I've been playing with Google Earth for a couple of days now, and I think it's totally revolutionary. Basically, it allows you to explore a globe covered with satellite-photography images. You can zoom in from outer space, all the way down to where you can see individual houses, and in some cases, individual cars and even people. You can tilt, pan, and rotate to your heart's content, and you can set it to display 3-D images of terrain features and even buildings, if they have the data set for that city.
The building features could use some improvement; it apparently only uses the dimensions of the base and the elevation to generate buildings, so odd-shaped structures like the Gateway Arch in St. Louis or the Luxor pyramid in Las Vegas display as big rectangular blocks.

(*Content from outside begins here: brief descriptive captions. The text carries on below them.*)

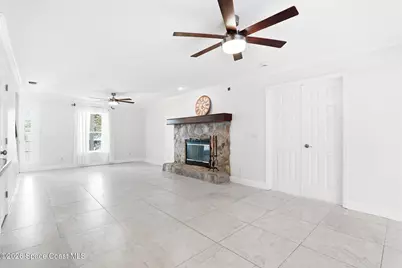 3050 Washingtonia Drive, Melbourne, FL 32934 - Photo 20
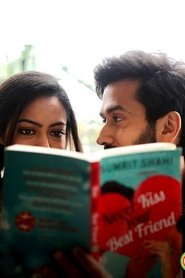 Watch Never Kiss Your Best Friend (2020)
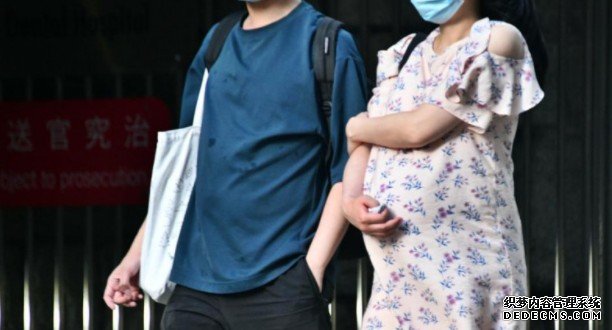 沐鸣登录拒打针被炒不属不合理解僱 罗致光：会研究会否豁免孕妇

The photographs used are not always new. Both the Tulsa images and the Oklahoma City images are at least a year old, I'm guessing, juding from structures that hadn't been built yet when the pics were taken. And the quality is variable, so that you can see individual people in the shots of the Forbidden City in Beijing, but can barely make out the white blob that is my mother-in-law's truck in our driveway. And in some places, you can't even distinguish individual buildings.
But still, overall, it's an amazing experience to just revolve the entire planet with a small movement of your mouse, zoom out to see the entire country, then zoom in to look at individual buildings in moments. We've looked at our house, my mother's house, our old home in Clarksville, TN, my old house and high school in Oklahoma City, my old apartment building in Los Angeles, as well as the USC campus. Someday, I'm going to a fly-by of South Korea, maybe the Himalayas. This is one of those things that everyone I've showed it to has not just liked, but enthused about. In a year, it may be passe', or it may be just replace Mapquest as the tool of choice for finding a destination. Whatever it will be, it's a hell of a lot of fun right now.